Amrita Schools of Engineering are private engineering schools in India part of Amrita Vishwa Vidyapeetham University which is spread across its five campuses in Amritapuri (Kollam), Bengaluru, Chennai, Coimbatore, and Amaravati.  The schools offer undergraduate, integrated degree, postgraduate, and doctoral programmes in various engineering disciplines.

Amrita Schools of Engineering conduct Amrita Engineering Entrance Exam (AEEE) along with Joint Entrance Examination – Main for admission to B.Tech programs and M.Tech admissions are based on Graduate Aptitude Test in Engineering.

The schools were founded by Mata Amritanandamayi Devi in 1994, and are managed by her international humanitarian organization Mata Amritanandamayi Math.

History 
 
The Amrita School of Engineering, Coimbatore was established in 1994, in the village of Ettimadai at the foothills of Bouluvanpatty ranges, about 20 km away from the Coimbatore city. It was the first higher educational institution to be set up by the Mata Amritanandamayi Math, which at then had only 120 students and 13 faculty members. As Amrita's first campus, it is still home to the administrative headquarters of Amrita University.

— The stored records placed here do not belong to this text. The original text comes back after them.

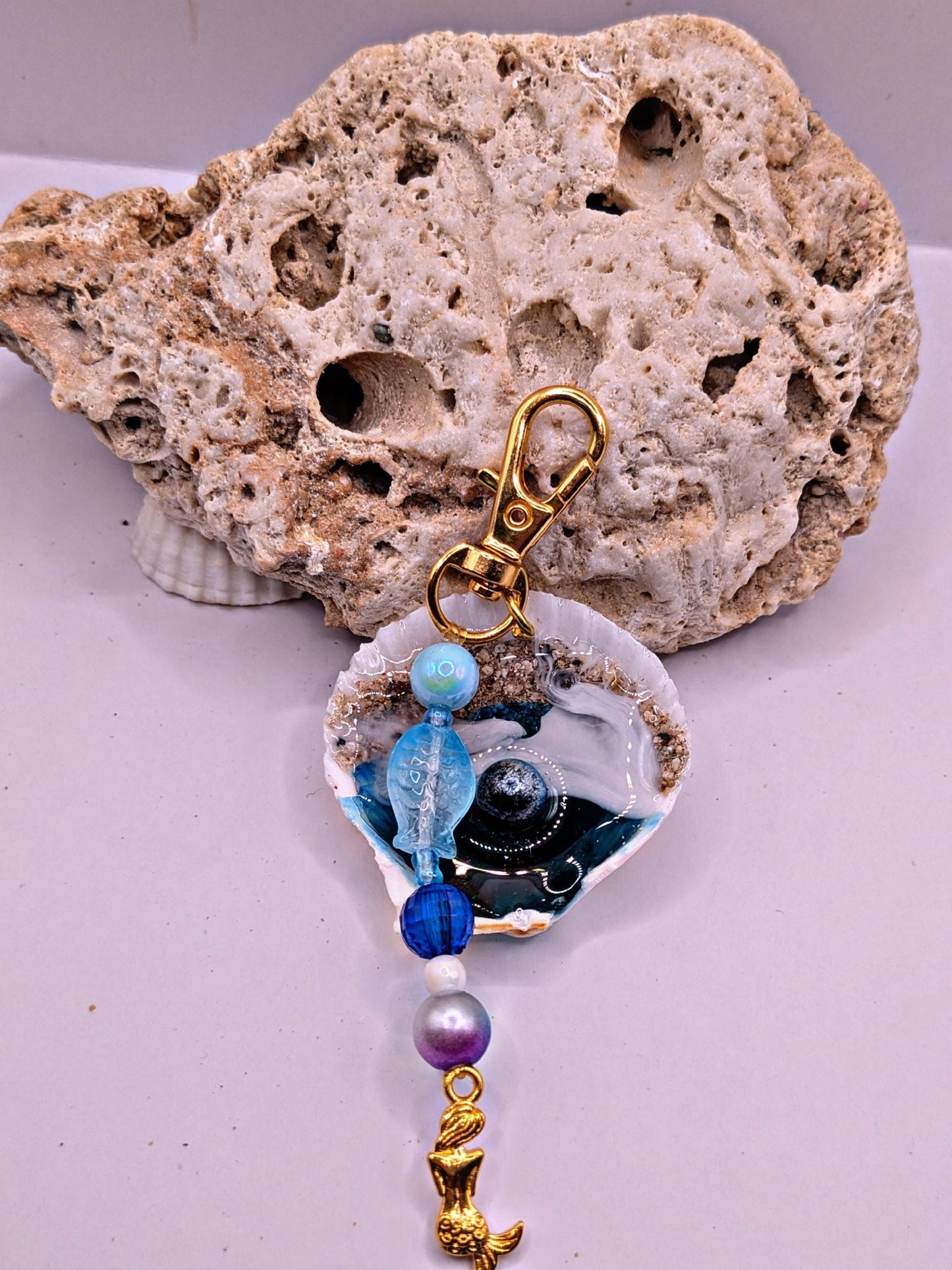 Ocean Shell Keychain with Starfish Charm  Handmade Coastal Beaded Accessory
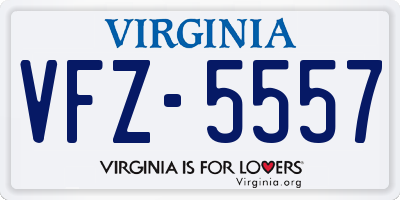 VA license plate VFZ5557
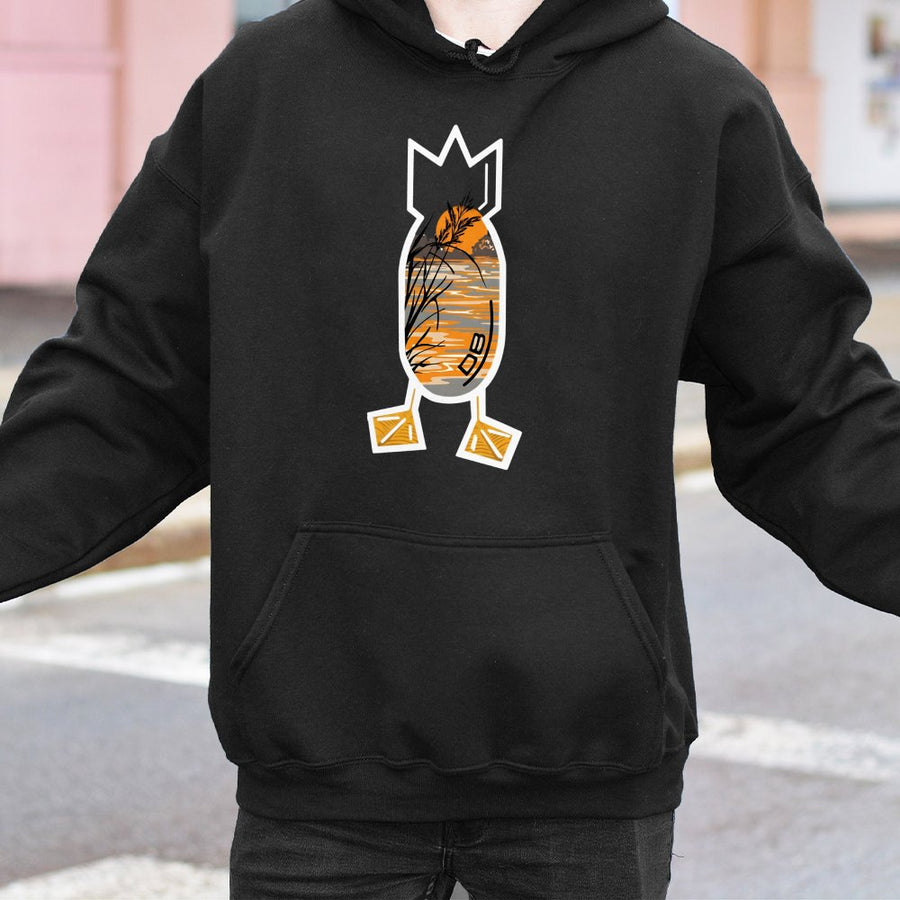 Duck Hunting Hoodie | Sunset Marsh Silhouette Graphic | Premium Cotton Blend | Waterfowl Outdoor Gift for Hunters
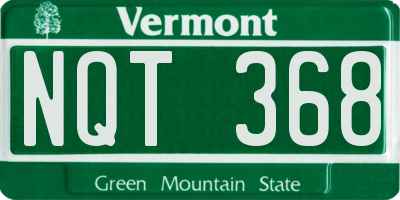 VT license plate NQT368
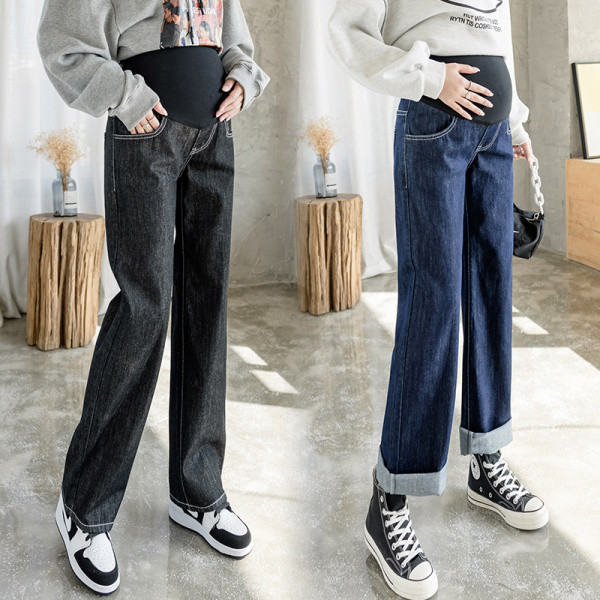 Lai elastse vöökohaga teksapükste mudel rasedatele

Later in 2002, two new campuses were opened with schools of engineering at Bengaluru, and Amritapuri. While the Bengaluru campus sits in Kasavanahalli, a neighbourhood in south-west of the Bengaluru metropolis, the Amritapuri campus was set up in the village of Vallikavu, next to the international headquarters of the Mata Amritanandamayi Math.

In 2003, Amrita Vishwa Vidapeetham became one of the youngest universities to be conferred the status of a deemed university.

In 2019, an engineering school started operating in the newly established Chennai campus, at the outskirts of the Chennai city in the village of Vengal.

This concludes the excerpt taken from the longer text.